H. C. Hamilton

It is with deep regret that we have to record the death of H. C. Hamilton, while competing in the Swiss Grand Prix, at Bern, on August 26th. He was driving a Maserati and had completed 69 of 70 laps when he crashed into some trees on a corner. He was thrown from the car and killed instantaneously.

Hamilton was considered by many authorities to be England’s most brilliant racing driver. Certainly he had some performances to his credit—his handling of M.G. Midgets on the Ards Circuit in particular—which will long be remembered. Most of his racing experience was gained with M.G. cars, at the wheel of which he performed consistently well at Brooklands, Belfast and Donington. On the same cars he built up a fine reputation in Continental circles, especially at the Nurburg Ring.

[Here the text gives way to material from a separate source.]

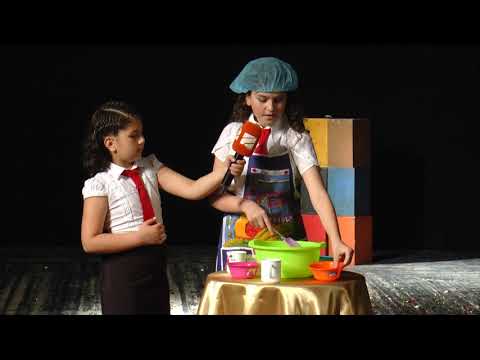 შემაჯამებელი ღონისძიება 2017, სკოლა \"კანდიდი\"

He several times partnered Earl Howe in driving the latter’s Bugattis. At the beginning of this season he joined the Whitney Straight Syndicate, driving principally a very fast Maserati, originally built to the order of Nuvolari. It was in this car that he met his death. For the same stable he sometimes drove an M.G. Magnette, with which he won the Junior Race of the Coppa Acerbo, a week before the fatal race at Bern. His career was marked by several narrow escapes from death, the most serious being at Belfast and Masaryk.

“Hammy,” as he was known to his friends, possessed those quiet manners which so often characterise men of valour. Modest to the point of reserve, he never referred to his own exploits. Yet his racing career was all important to “Hammy,” for it represented the ruling ambition of his life from the time he was a schoolboy, through his youthful days of early motoring with an old but well-tuned Talbot Eight, to this present season of growing reputation as a Grand Prix driver.

The death of a young man can never be completely justified, be the cause ever so fine. That Hamilton should devote all his fine qualities to motor racing was inevitable, and consolation for his passing can be found in the thought that it was in the heat of the battle he loved so well that the end came, suddenly and without illness or lingering pain.

Motor racing has lost one of its finest exponents; many of us will mourn an admired and respected friend. To his bereaved mother we offer our sincere condolences, to which are joined those of all our readers.